Local electromechanical alterations determine the left ventricle rotational dynamics in CRT-eligible heart failure patients

Abstract

AbstractLeft ventricle, LV wringing wall motion relies on physiological muscle fiber orientation, fibrotic status, and electromechanics (EM). The loss of proper EM activation can lead to rigid-body-type (RBT) LV rotation, which is associated with advanced heart failure (HF) and challenges in resynchronization. To describe the EM coupling and scar tissue burden with respect to rotational patterns observed on the LV in patients with ischemic heart failure with reduced ejection fraction (HFrEF) left bundle branch block (LBBB). Thirty patients with HFrEF/LBBB underwent EM analysis of the left ventricle using an invasive electro-mechanical catheter mapping system (NOGA XP, Biosense Webster). The following parameters were evaluated: rotation angle; rotation velocity; unipolar/bipolar voltage; local activation time, LAT; local electro-mechanical delay, LEMD; total electro-mechanical delay, TEMD. Patients underwent late-gadolinium enhancement cMRI when possible. The different LV rotation pattern served as sole parameter for patients’ grouping into two categories: wringing rotation (Group A, n = 6) and RBT rotation (Group B, n = 24). All parameters were aggregated into a nine segment, three sector and whole LV models, and compared at multiple scales. Segmental statistical analysis in Group B revealed significant inhomogeneities, across the LV, regarding voltage level, scar burdening, and LEMD changes: correlation analysis showed correspondently a loss of synchronization between electrical (LAT) and mechanical activation (TEMD).
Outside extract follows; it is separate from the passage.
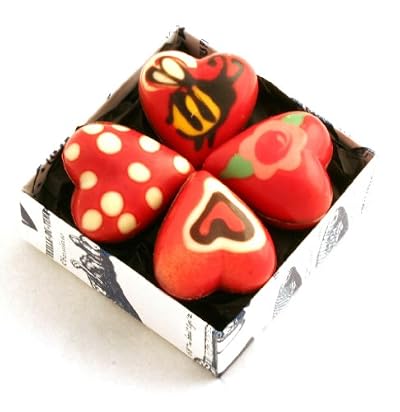 8 Hand-Painted Baby Chocolate Heart Halves in gift box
On contrary, Group A (relatively low number of patients) did not present significant differences in LEMD across LV segments, therefore electrical (LAT) and mechanical (TEMD) activation were well synchronized. Fibrosis burden was in general associated with areas of low voltage. The rotational behavior of LV in HF/LBBB patients is determined by the local alteration of EM coupling. These findings serve as a strong basic groundwork for a hypothesis that EM analysis may predict CRT response.Clinical trial registration: SUM No. KNW/0022/KB1/17/15.